P-consciousness stands for phenomenal consciousness. This is a type of consciousness that some philosophers insist upon but others deny. The core of the debate hinges on a serious philosophical problem that arises if you insist that all consciousness arises from material causes. In fact, it is called “the hard problem of consciousness.”
Basically, the problem is that if consciousness arises from physical matter, where does consciousness come from exactly? How do the same basic chemicals in atoms go from unconscious, when found in a rock, to conscious, when found in our blood?
The concept of phenomenal consciousness, as separate from intentionality, can be understood as an attempt to bridge that gap. They suggest that while the narrator and thoughts are a part of the conscious experience, there also exists phenomenal consciousness.
This is more closely related to the concept of qualia or what it is like or feels like to be an individual at any given moment.

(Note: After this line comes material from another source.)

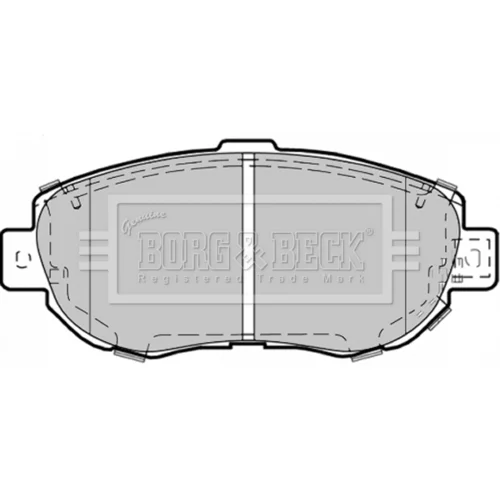 Sada brzdových platničiek kotúčovej brzdy BORG & BECK BBP1353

Those who argue for the existence of phenomenal consciousness provide examples like feeling joy or seeing their favorite color. These are experiences that are not necessarily based on some kind of intentional thought about or of something.
Phenomenal consciousness and intentionality are just two terms when it comes to the philosophy around consciousness. There are many philosophers and cognitive scientists who have written hundreds of pages trying to define and understand consciousness.3 As an individual, you don’t necessarily have to read a long book to come to your own understanding of what consciousness means, however.
Developing a deeper understanding of what you believe to be true about consciousness can be a very powerful way of relating to the world. Humans tend to take their most fundamental conscious experiences for granted, but it is actually a very rich area of exploration that every human being has access to in some form or another.
Another powerful way to continue your exploration of consciousness is through paying attention to your dreams. Your dreams can help you explore alternative states of consciousness which can expand your understanding of yourself and the world around you. The more deeply you connect to these truths within yourself, the easier it becomes to feel well in your life.